II

C’était une opération très importante et très compliquée que de coiffer Fatou ; – cela avait lieu chaque semaine une fois, et, cette fois-là, toute la journée y passait.

Dès le matin, elle se mettait en route pour Guet-n’dar, la ville nègre, – où habitait, dans une case pointue faite de chaume et de roseaux secs, la coiffeuse en renom des dames nubiennes.

Elle restait là plusieurs heures durant, accroupie sur le sable, s’abandonnant aux mains de cette artiste patiente et minutieuse.

La coiffeuse défaisait d’abord, – désenfilait une à une les perles, – détressait, démêlait les mèches épaisses ; – puis reconstruisait ensuite cet édifice très surprenant, dans lequel entraient du corail, des pièces d’or, des paillettes de cuivre, des boules de jade vert et des boules d’ambre.

– Des boules d’ambre grosses comme des pommes, – héritage maternel, précieux joyaux de famille rapportés en cachette dans la terre d’esclavage.

Et le plus compliqué à peigner, c’était encore le derrière de la tête, la nuque de Fatou. – Là, il fallait diviser les masses crépues en des centaines de petits tire-bouchons empesés et rigides, soigneusement alignés, qui ressemblaient à des rangs de franges noires.

On roulait chacun de ces tire-bouchons séparément autour d’un long brin de paille, on les couvrait d’une épaisse couche de gomme, – et, pour laisser à cet enduit le temps de sécher, les pailles devaient, jusqu’au lendemain, rester en place. – Fatou rentrait chez elle avec toutes ces brindilles tenant à sa chevelure ; elle avait l’air, ce soir-là, de s’être coiffée dans la peau d’un porc-épic.

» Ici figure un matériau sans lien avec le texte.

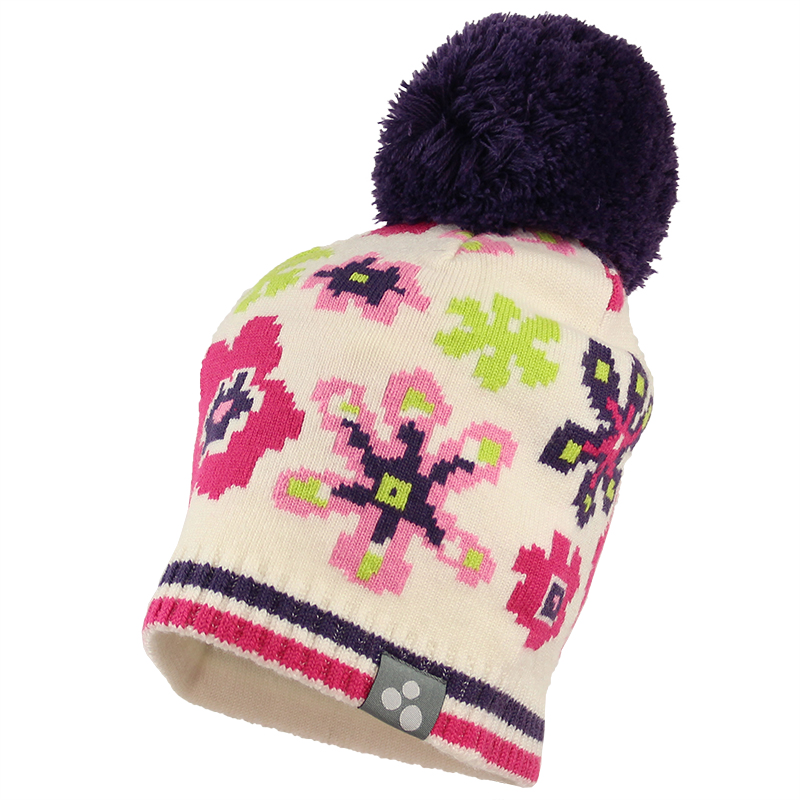 Kids hat FLORAL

Mais, le lendemain, quand les pailles étaient enlevées, quel bel effet !…

On jetait par là-dessus, à la mode khassonkée, une sorte de gaze du pays, très transparente, qui enveloppait le tout comme une toile d’araignée bleue ; et cette coiffure, solidement établie, durait nuit et jour pendant toute une semaine.

Fatou-gaye se chaussait d’élégantes petites sandales de cuir, maintenues par des lanières qui passaient entre l’orteil et le premier doigt, – comme des cothurnes antiques.

Elle portait le pagne étriqué et collant que les Egyptiennes du temps des Pharaons léguèrent à la Nubie. – Par-dessus, elle mettait un boubou : grand carré de mousseline ayant un trou pour passer la tête, et retombant en péplum jusqu’au-dessous du genou.

Sa parure se composait de lourds anneaux d’argent, rivés aux poignets et aux chevilles ; et puis d’odorants colliers de soumaré, – la fortune de Jean ne lui permettant pas l’usage des colliers d’ambre ou d’or.

Les soumarés sont des tresses faites de plusieurs rangs enfilés de petites graines brunes ; ces graines qui mûrissent sur les bords de la Gambie ont une senteur pénétrante et poivrée, un parfum sui generis, une des odeurs les plus caractéristiques du Sénégal.

Elle était bien jolie, Fatou-gaye, avec cette, haute coiffure sauvage, qui lui donnait un air de divinité hindoue, parée pour une fête religieuse. Rien de ces faces épatées et lippues de certaines peuplades africaines qu’on a l’habitude en France de considérer comme le modèle générique de la race noire. Elle avait le type khassonké très pur : un petit nez droit et fin, avec des narines minces, peu pincées et très mobiles, une bouche correcte et gracieuse, avec des dents admirables ; et puis, surtout, de grands yeux d’émail bleuâtre, remplis, suivant les moments, d’étrangeté grave, ou de mystérieuse malice.